Anyway, I was passing, and they all say the same thing – I could be a beggar’s script-writer, I could write them good scripts, but the buggers won’t listen, they all copy each other – ‘Have you got any change?’ I hate that. When I was young beggars were different. They used to tell you marvellous lies like:

‘You’re a great, handsome fella!’


‘You’re a great, handsome fella.’

‘I’m sorry, I can’t hear.’

‘I was just saying what a great, handsome fella you are.’ And then I’d give him two shillings. You bought the performance. You bought the lie, and then we are equals, and that’s charming. It’s not going to go far, maybe… Anyway, a voice said to me, ‘Have you got any small change?’ in that pathetic way, so I said, ‘Yup.’ I got my money out and he looked up and said, ‘Christ! Dr Who.’

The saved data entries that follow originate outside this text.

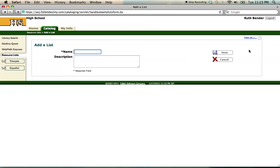Here I can assign my new list a unique name and a description if necessary. I'm going to call this one iSearch and save it.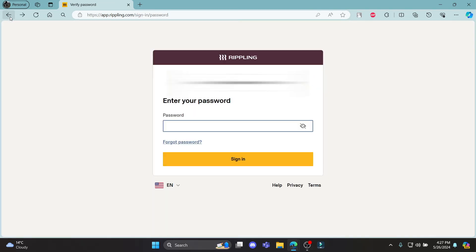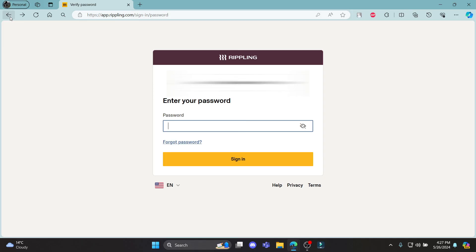So guys, this is how you log in to your Rippling Payroll account. I hope this video was helpful for you. If you still have any kind of confusion, please do mention us in the comment section down below. Like the video, subscribe to the channel and do hit the bell button for more. Hope to see you in the next video as well.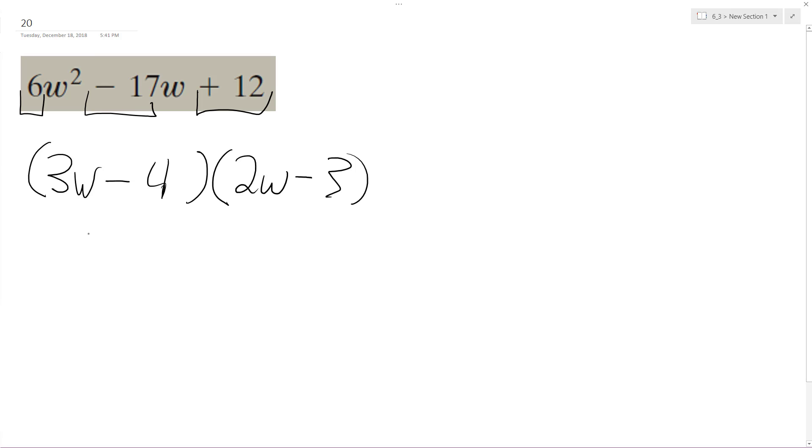All right, so let's test and see if this multiplies back to the original trinomial. And if it does, it'll be correct. So 3w times 2w is 6w squared.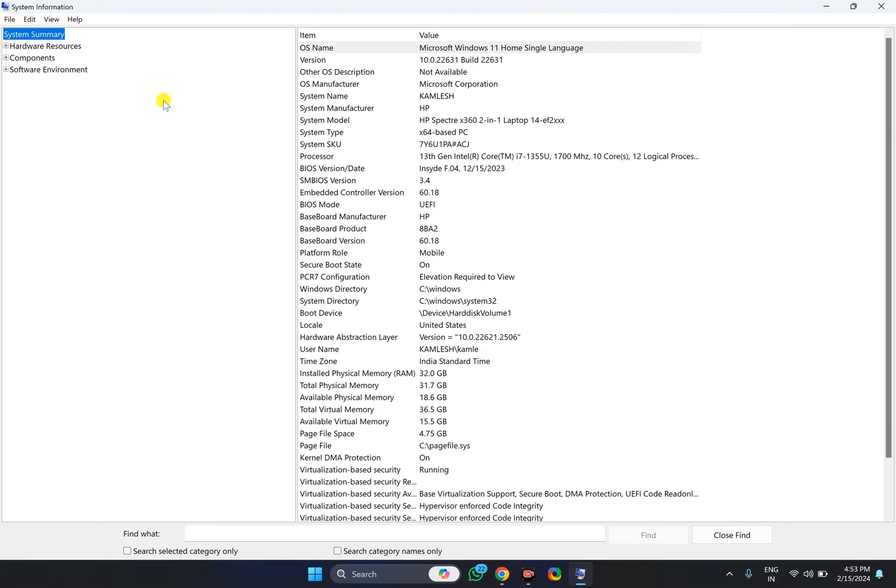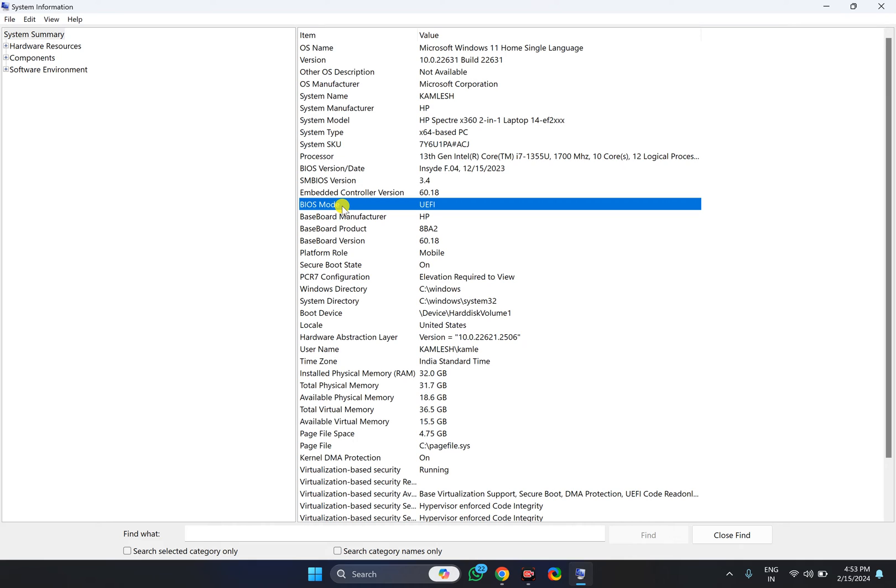On the right sidebar, you need to find BIOS mode or firmware mode. Once you find the BIOS mode or firmware mode, on the opposite side you will see UEFI, BIOS, or EFI. Like this, you can recognize what BIOS mode is on your Windows PC.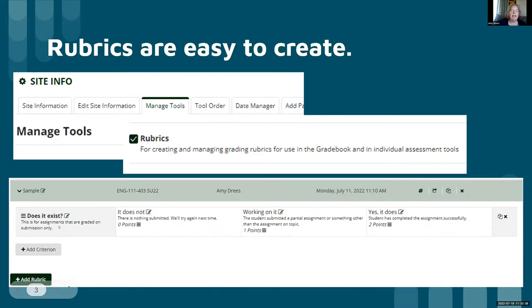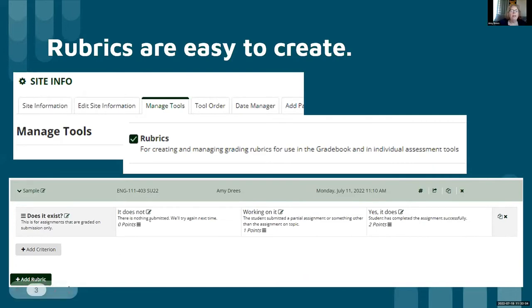My criterion is 'does it exist?' and then the number of subcategories that you're interested in. This is an ungrading rubric in that this assignment simply has to exist to get its points. So: yes, it does exist — the student has completed the assignment; the student is working on it; something was submitted but does not comply with the full guidelines; or nothing exists.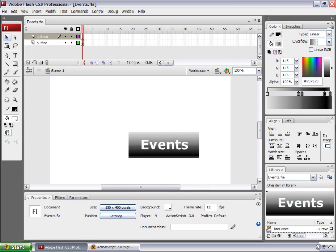Todd Perkitts here. Welcome to another episode of All Things Adobe, the Chad and Todd podcast. In this episode, I'm going to be talking about migrating from ActionScript 1.0 or ActionScript 2.0 to ActionScript 3.0.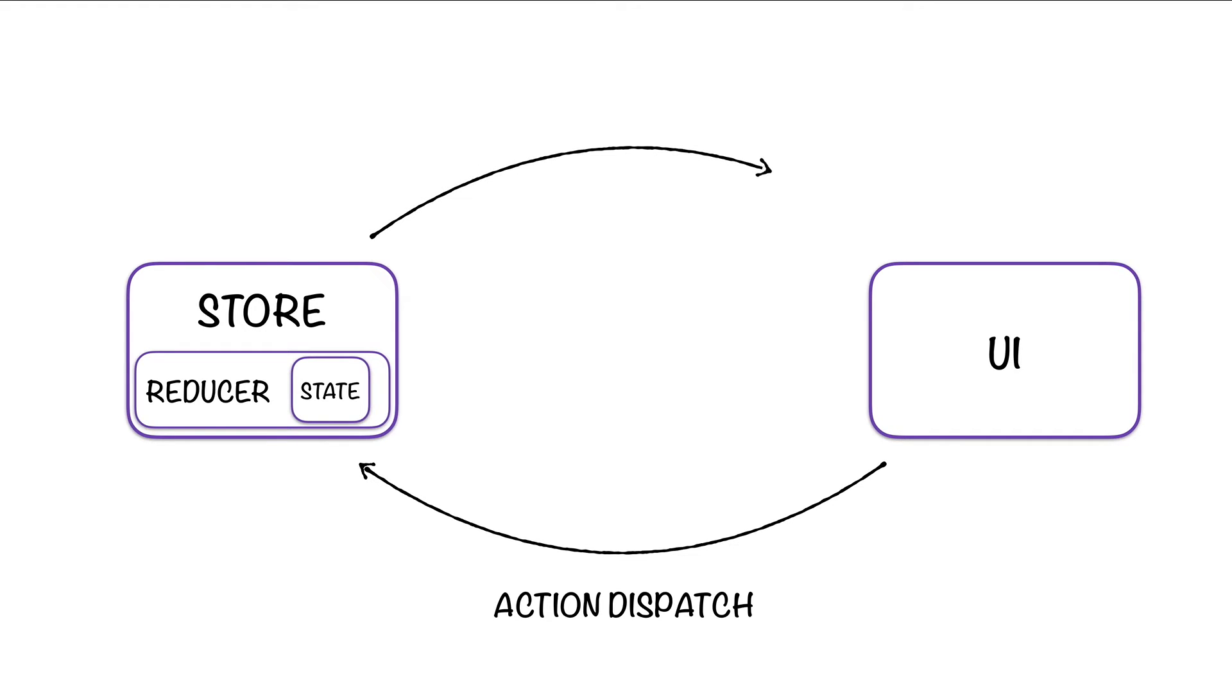And that means the store will notify the UI with the subscribe function. So in the end, it is just a matter of dispatching actions and receiving updates from the store.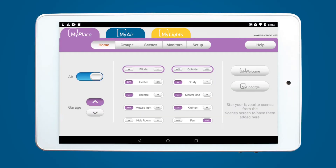If you are having trouble connecting a mobile device to your tablet, or the zones and systems are not accepting changes and alterations, you may need to update your Advantage Air apps.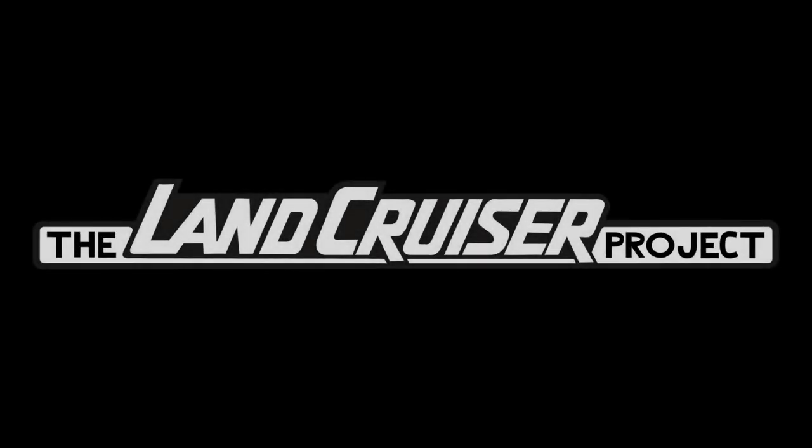Welcome to the Land Cruiser Project. What we do on this channel is review the auction listings from Bring a Trailer and Cars and Bids and other online sources such as Craigslist and Facebook Marketplace. We're looking specifically for 80 series, 100 series, and 200 series Land Cruisers, going through those listings looking for common issues, things that maybe aren't being disclosed, so that you can be better prepared should you be in the market for one of these great vehicles.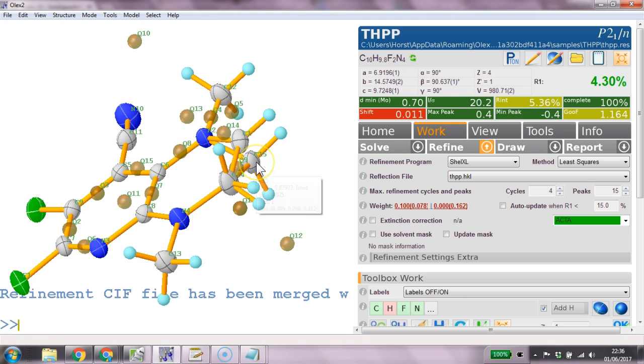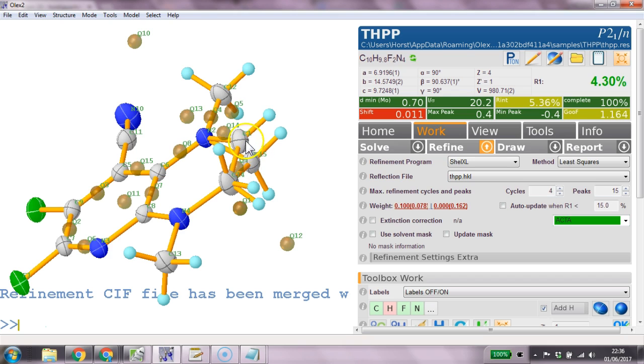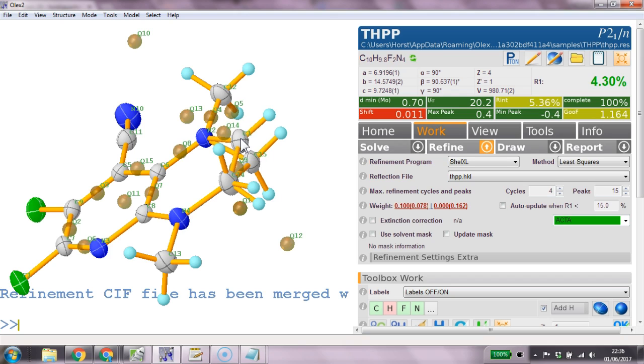And we are ending up with the not fixed occupancies. That's right. Fixed. What have I done? What have I put in there? Fixed it. Fixed it at 0.12. What happened? Fix. OQ. 0.12.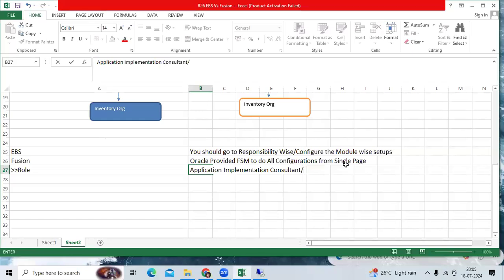Functional Financial team will do financial setups through the Functional Setup Manager. You don't require to switch to responsibility-wise in Fusion. That is a great advantage for Functional Consultant to simplify, configure the setup and you can re-verify within the one page.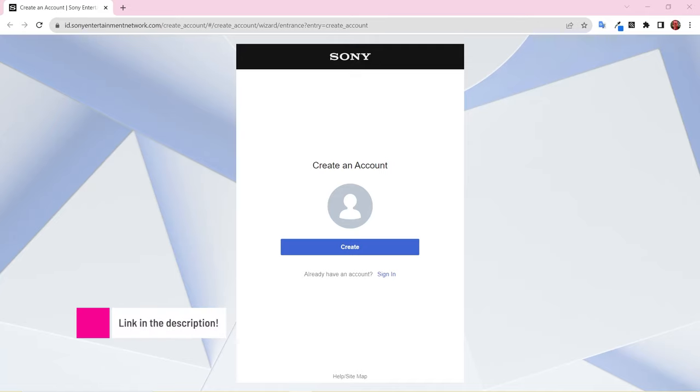To set up your PlayStation Network account, start by going to the Sony account creation site. I'll put a link to the site in the description.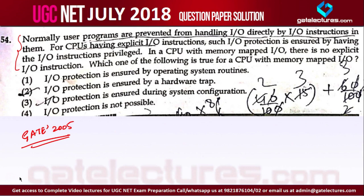That's why we have techniques like memory mapped I/O and isolated I/O. In isolated I/O, we separate the control signals — specifying from where to read or write. In memory mapped I/O, we keep the control signals the same but take some addresses from main memory and assign them to I/O devices, restricting those addresses from main memory use.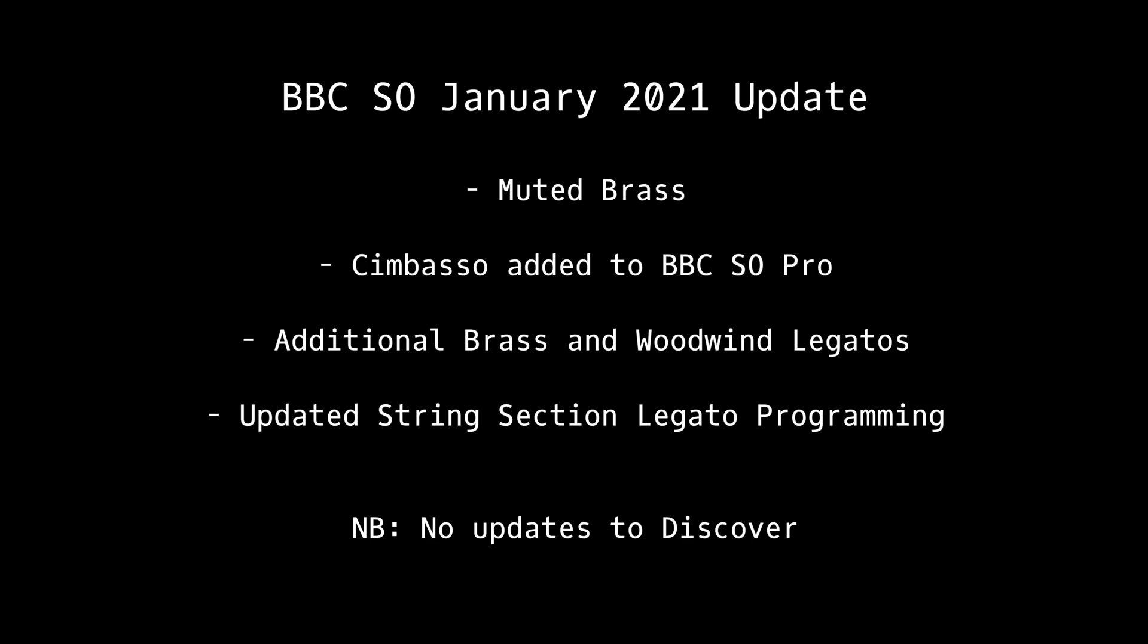In this tutorial we'll look at how to install the new BBC update. This update contains muted brass, a new instrument for Pro, additional brass and woodwind legatos, as well as updated legato programming to the string section patches.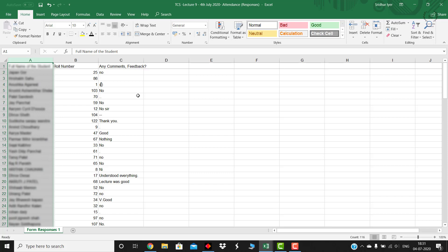Basically I have created a partially automated kind of Excel sheet, not a completely automated sheet, because you need to do this manual work. What you need to do is once you have downloaded your response sheet, just copy the roll number column.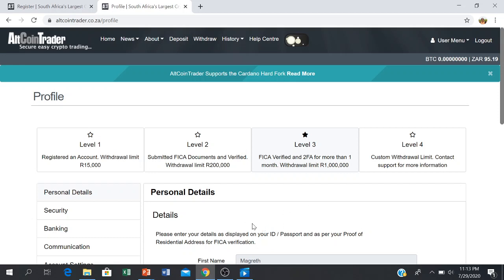Your profile is easy to update — just follow the procedures as indicated by Altcoin Trader. Once you are done, you submit the documents that are required so that you can be verified and you become a level two. As soon as you add a two-factor authenticator for security reasons to protect your account, your withdrawal limit will then become 1 million per month.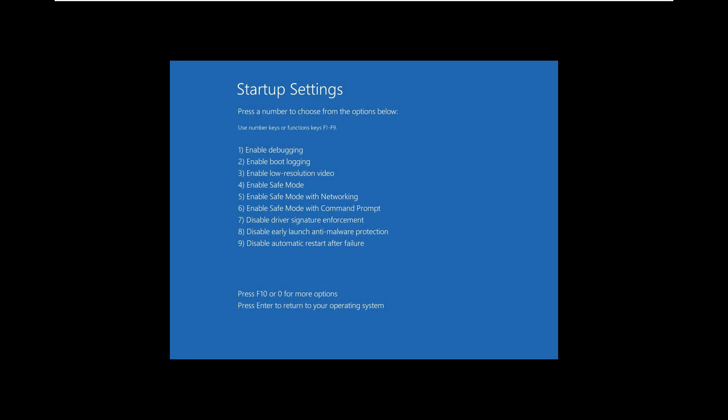Now you can see it says Startup Settings. In the startup setting, you have to choose the option. Number 4 is Safe Mode. Press the number 4 on your keyboard and the system will attempt to boot into safe mode.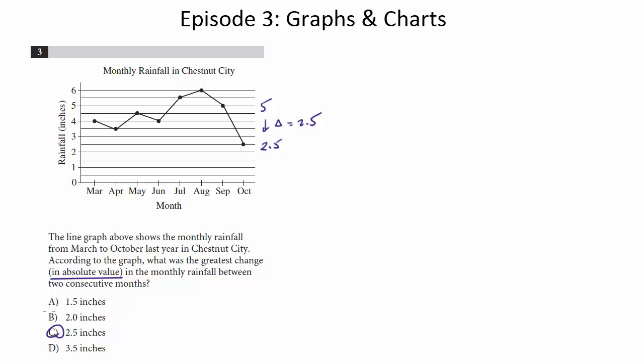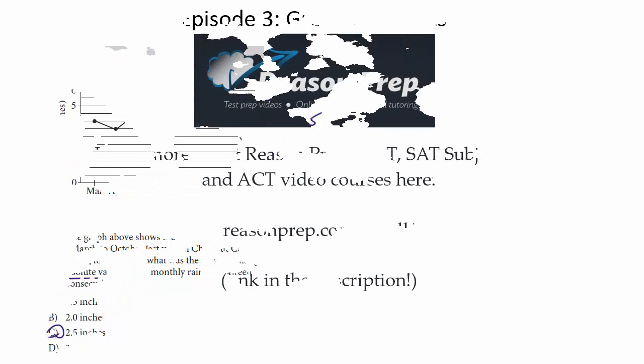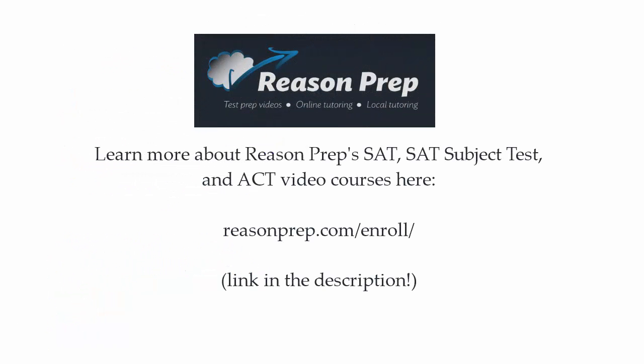So that's choice C. To learn more about ReasonPrep's SAT, SAT Subject Test, and ACT video courses, go to reasonprep.com slash enroll. And you can find the link in the description below the video.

I said, ‘Yes. Have two pounds.’

‘Ah, man,’ he said, ‘You’re my hero. You were my hero.’

‘Look, have three pounds.’ Then there was a sudden change, and I looked at him in the terrible light of Deansgate in Manchester and I saw rushing through his face, as we was jolted back to sitting on the sofa with the smell of fish fingers and chips when he was secure and washed. And then you jump on twenty years and he’s begging in Deansgate, and who comes along to offer him three pounds, but The Doctor.

Three pounds is not much after the things I did at the BBC – saving the whole bloody universe every week. But he said, ‘No. I don’t want the money.’ Incredible. Then came the request. ‘Can’t you get us out of here?’ I could imagine… I should have said to him, ‘Eight o’clock, outside the bookshop. Be there.’ And at eight o’clock the place would be full of the magazine sellers and the beggars and they’d all pile into the Tardis, and I’d be saying, ‘Come on! Quick! Quick!’ They’d all pile in, thousands of them, and then I’d close the door and you’d hear a panting – ‘cos there’s always got to be someone late in order to tell the press afterwards. And then woo-woo and away we’d go to somewhere happy. There’d just be me and these people, and K9 and it would be great.

Then the next day, in the Manchester Evening News it would say, ‘Where Have All Our Beggars Gone?’ The special branch would be out misunderstanding everything. Walking round with pictures of beggars. ‘Have you seen this beggar?’ It would be fantastic, wouldn’t it?

Anyway. I persuaded him to have the three pounds.